Background: Working memory (WM) deficits are among the most prominent cognitive impairments in attention deficit hyperactivity disorder (ADHD). While functional brain connectivity in individuals with ADHD has been studied, alterations in WM-related functional brain networks and their malleability by cognitive training are not well known. We examined whole-brain functional connectivity differences between adults with and without ADHD during n-back WM tasks and rest at pretest, as well as the effects of WM training on functional and structural brain connectivity in the ADHD group.Methods: Forty-two adults with ADHD and 36 neurotypical (NT) controls performed visuospatial and verbal n-back tasks during functional magnetic resonance imaging (fMRI). In addition, seven-minute resting state fMRI data and diffusion-weighted MR images were collected from all participants.

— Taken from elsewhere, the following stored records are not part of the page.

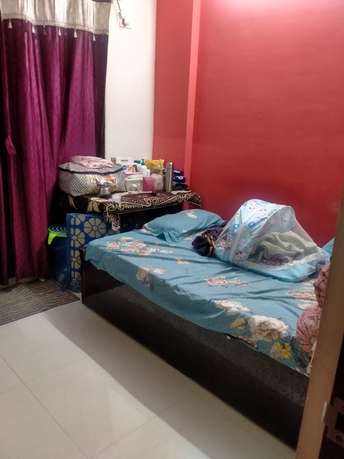 1 BHK Apartment For Rent in Susheel Meadows Apartment New Panvel Navi Mumbai 6937166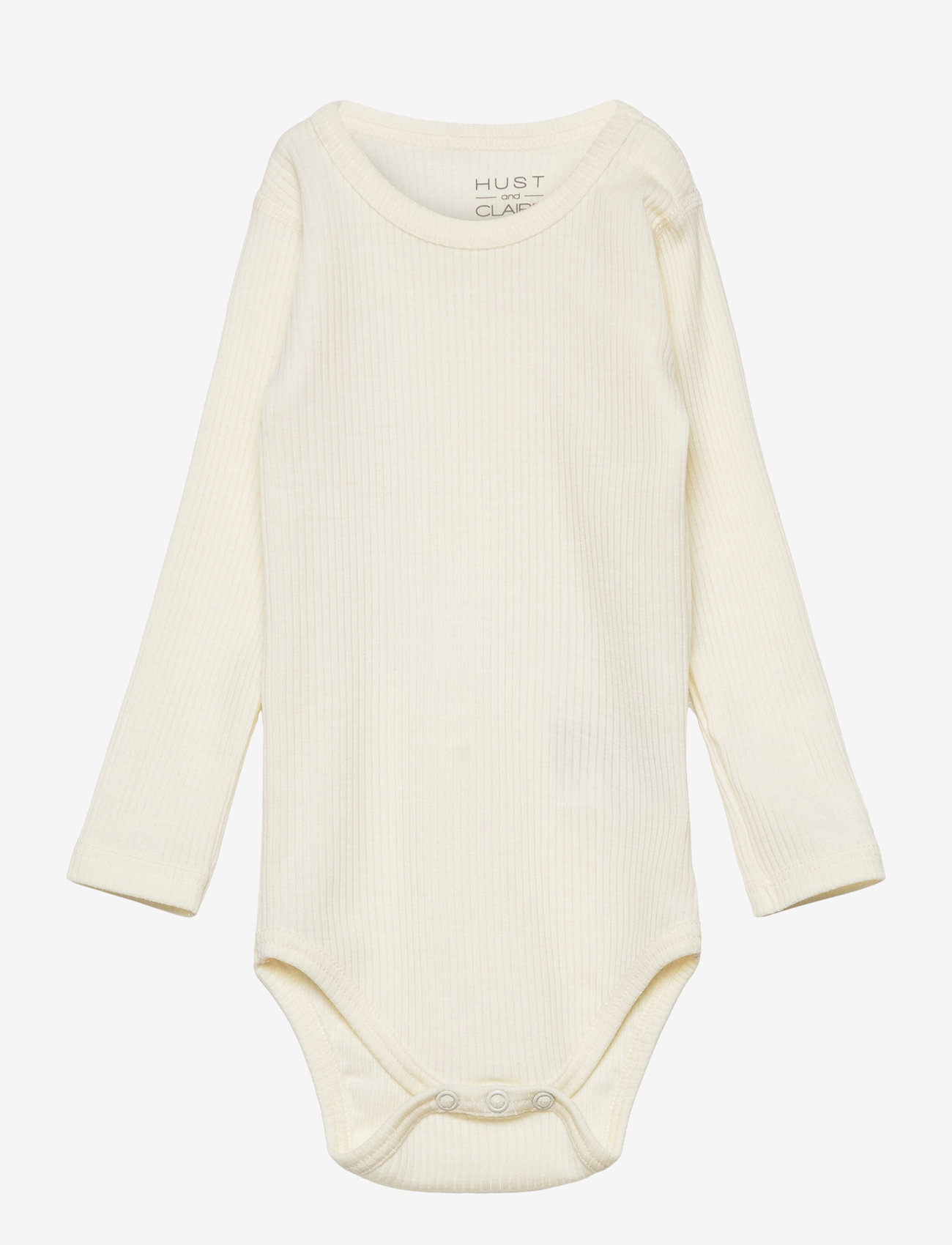 Hust & Claire - Berry - Bodysuit - base layer baby - ecru - 0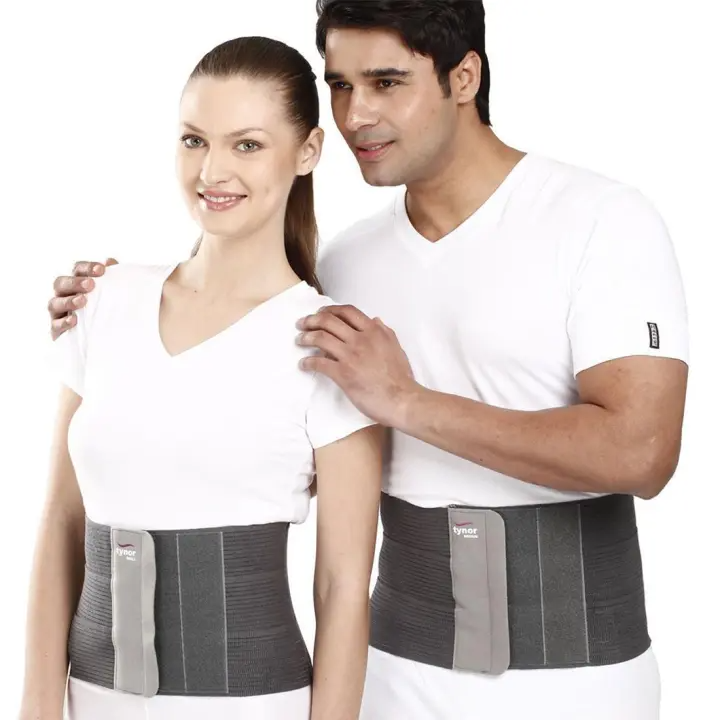 Tynor Tummy Trimmer/Abdominal Belt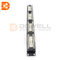 19 Inch Cat6-UTP 24 Port Patch Panel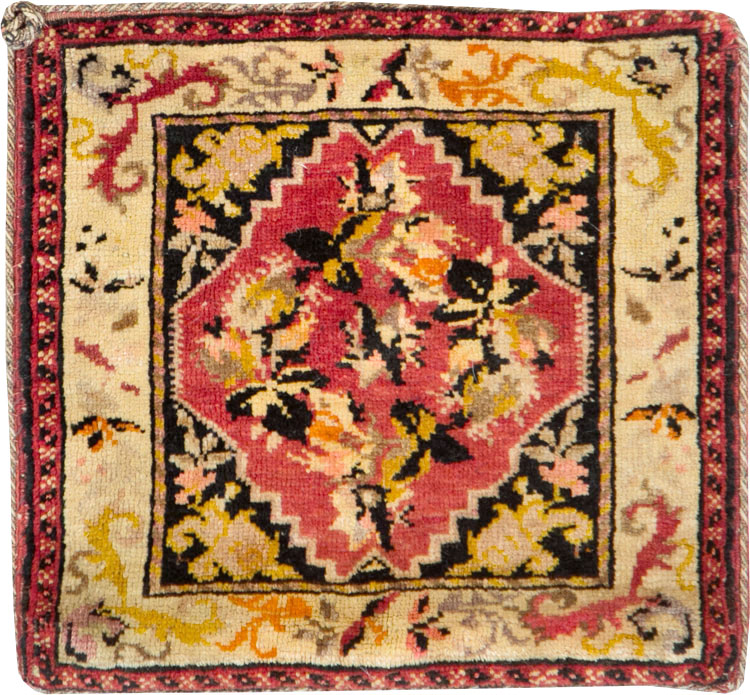 caucasian Rug - # 106249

The adults with ADHD continued into a 5-week randomized controlled WM training trial (experimental group training on a dual n-back task, n = 21; active control group training on Bejeweled II video game, n = 21), followed by a posttraining MRI. The primary outcome, functional brain connectivity, and the secondary outcome, structural brain connectivity, were examined with Network-Based Statistic.Results: At the pretest, adults with ADHD had decreased functional connectivity compared with the NT controls during both n-back tasks in networks encompassing fronto-parietal, temporal, occipital, cerebellar, and subcortical brain regions. Furthermore, WM-related connectivity in widespread networks was associated with performance accuracy in a continuous performance test. Regarding resting state connectivity, no group differences or associations with task performance were observed. Compared with the controls, WM training did not modulate functional or structural connectivity.Conclusion: Our results indicate large-scale abnormalities in functional brain networks underlying deficits in verbal and visuospatial WM commonly faced in ADHD. Training-induced plasticity in these networks may be limited.